* EXERCISE: From the line containing "Two Men And Woman Doing Push Up" to the line containing "Joyful asian young-adult" in the records below, set down every line exactly as it stands, both ends included, and skip the pictures.

* INFORMATION SUPPLIED:

/---

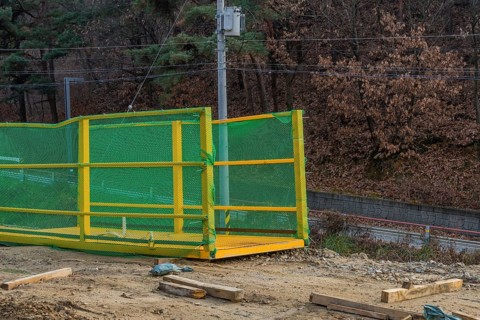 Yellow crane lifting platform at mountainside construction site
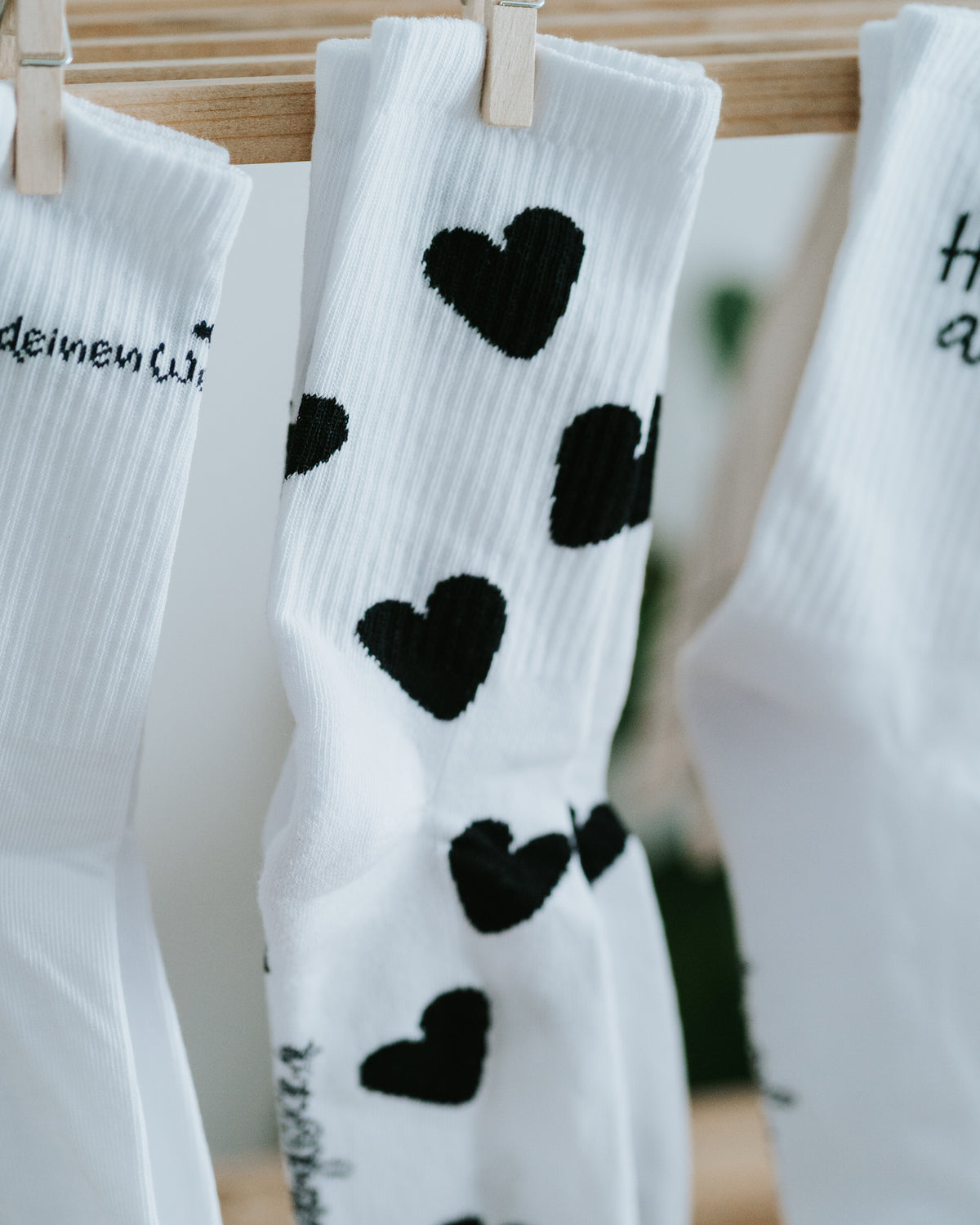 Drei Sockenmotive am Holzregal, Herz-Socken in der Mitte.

\---
/---

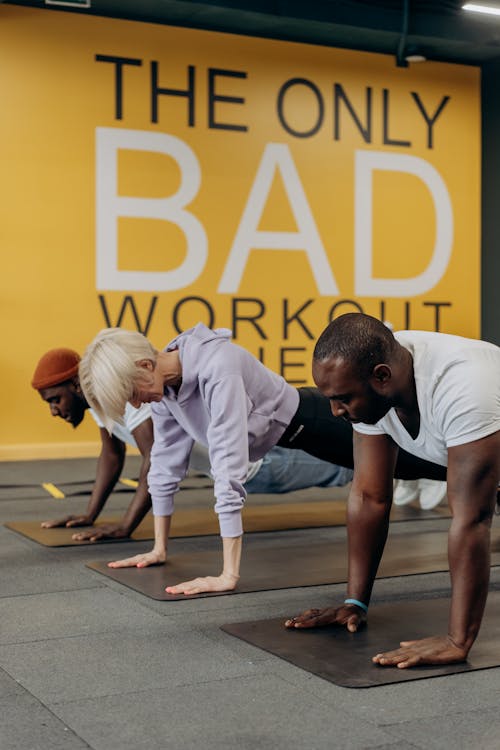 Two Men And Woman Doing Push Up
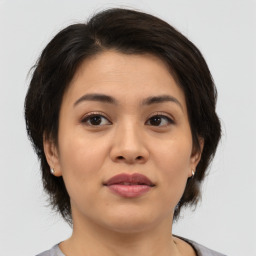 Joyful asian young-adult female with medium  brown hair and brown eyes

\---
/---

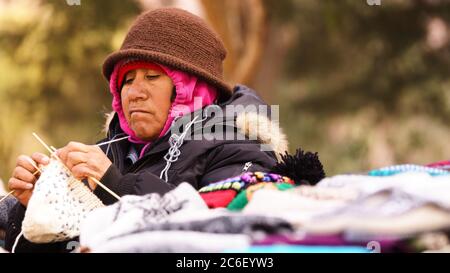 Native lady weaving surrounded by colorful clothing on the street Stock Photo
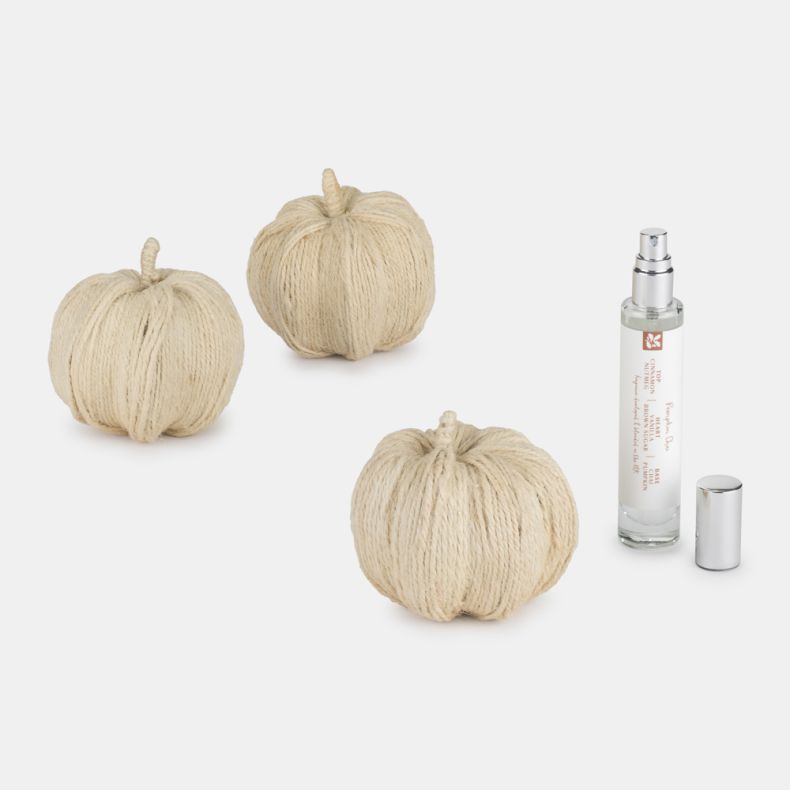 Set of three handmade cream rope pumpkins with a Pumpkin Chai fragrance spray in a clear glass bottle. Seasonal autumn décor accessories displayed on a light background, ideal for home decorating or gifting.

\---

* EXERCISE RESPONSE:
 Two Men And Woman Doing Push Up
 Joyful asian young-adult female with medium  brown hair and brown eyes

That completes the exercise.